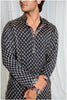 Shades Of Ajrakh - Natural Handblock Mashru Kurta - Black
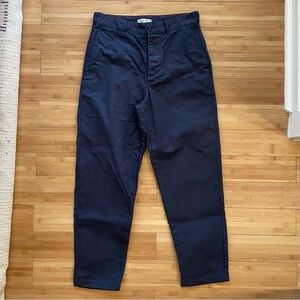 Alex Mill Flat Front Chino Navy Blue Pants Size 30 Waist Loose Thigh Tapered Leg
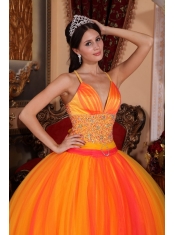 Orange Red Ball Gown V-neck Floor-length Taffeta and Tulle Beading Quinceanera Dress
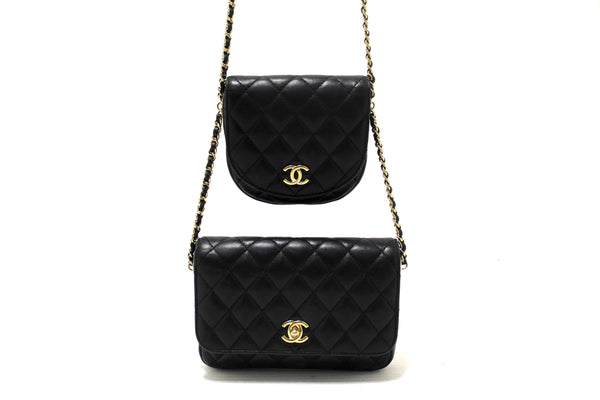 Chanel Black Quilted Calfskin Leather Double Side Pack Flap Bag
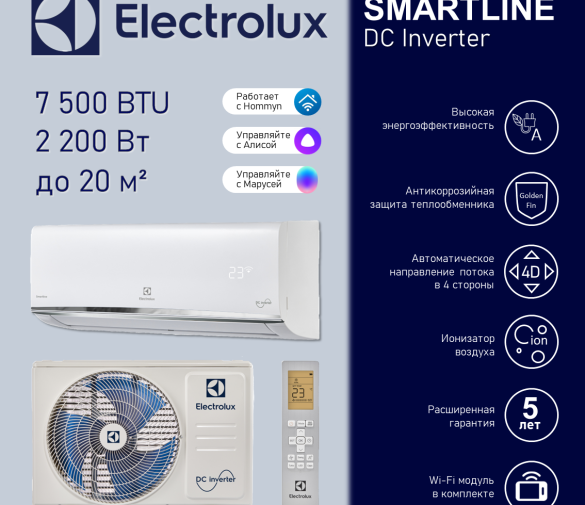 Обзор: Инверторный кондиционер c Wi-Fi Electrolux Smartline DC Inverter EACS/I-07HSM/N8_V2 (на помещение до 20 м2)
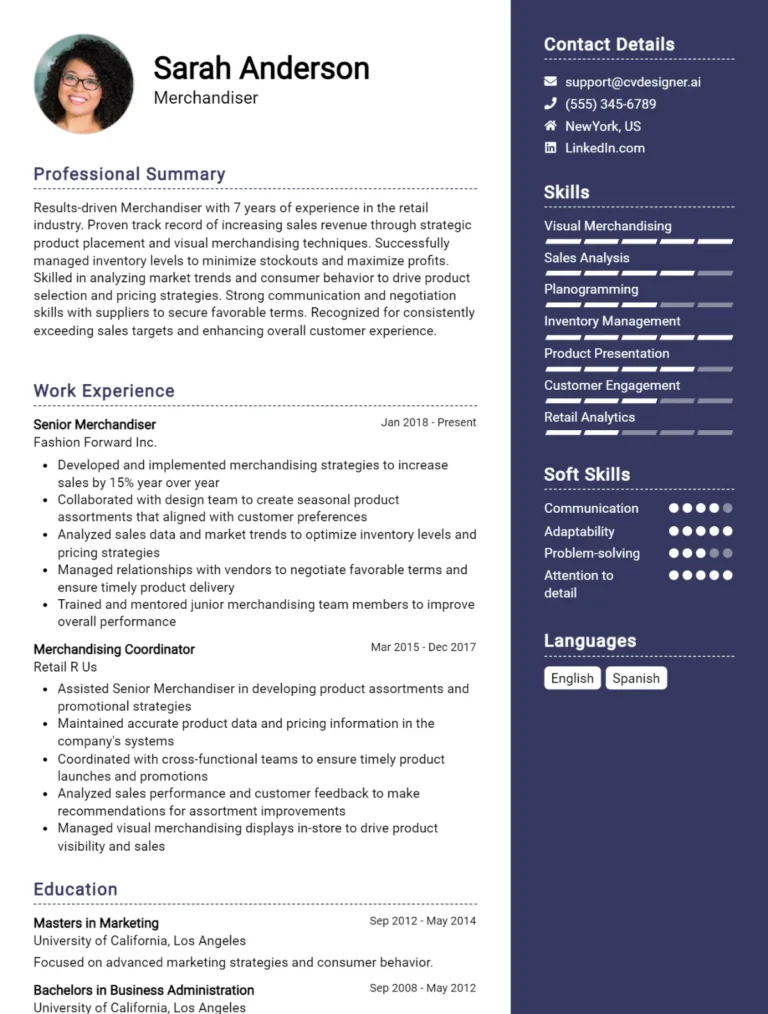 Merchandiser CV Example For 2025: Free Professional Templates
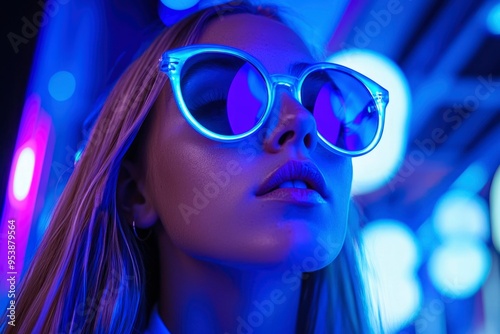 Woman with Blue Sunglasses Under Neon Lights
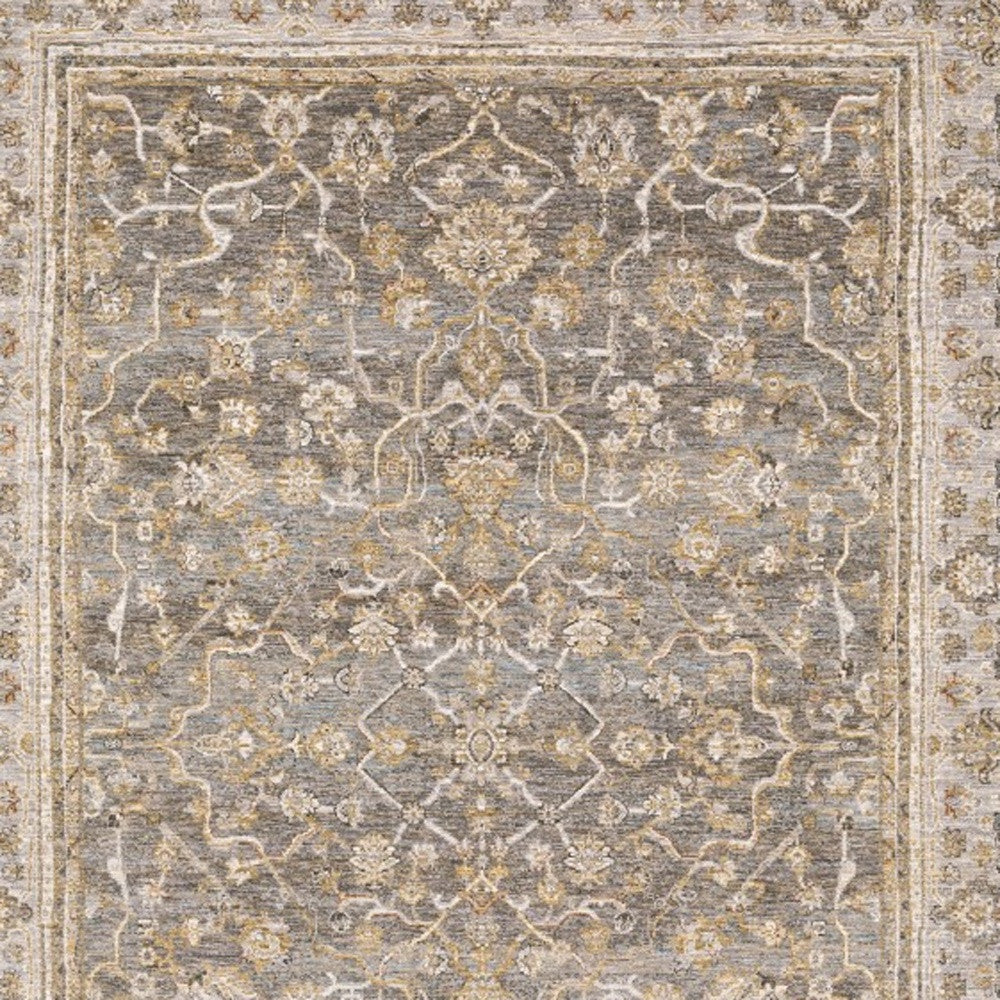 7' X 10' Beige Grey Machine Woven Oriental Indoor Arean Rug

Your objective: If the records contain pictures, skip them, and transcribe exactly every line from the one with "Alex Mill Flat" through the last line.

Response to this task:
 Alex Mill Flat Front Chino Navy Blue Pants Size 30 Waist Loose Thigh Tapered Leg
 Orange Red Ball Gown V-neck Floor-length Taffeta and Tulle Beading Quinceanera Dress
 Chanel Black Quilted Calfskin Leather Double Side Pack Flap Bag
 Обзор: Инверторный кондиционер c Wi-Fi Electrolux Smartline DC Inverter EACS/I-07HSM/N8_V2 (на помещение до 20 м2)
 Merchandiser CV Example For 2025: Free Professional Templates
 Woman with Blue Sunglasses Under Neon Lights
 7' X 10' Beige Grey Machine Woven Oriental Indoor Arean Rug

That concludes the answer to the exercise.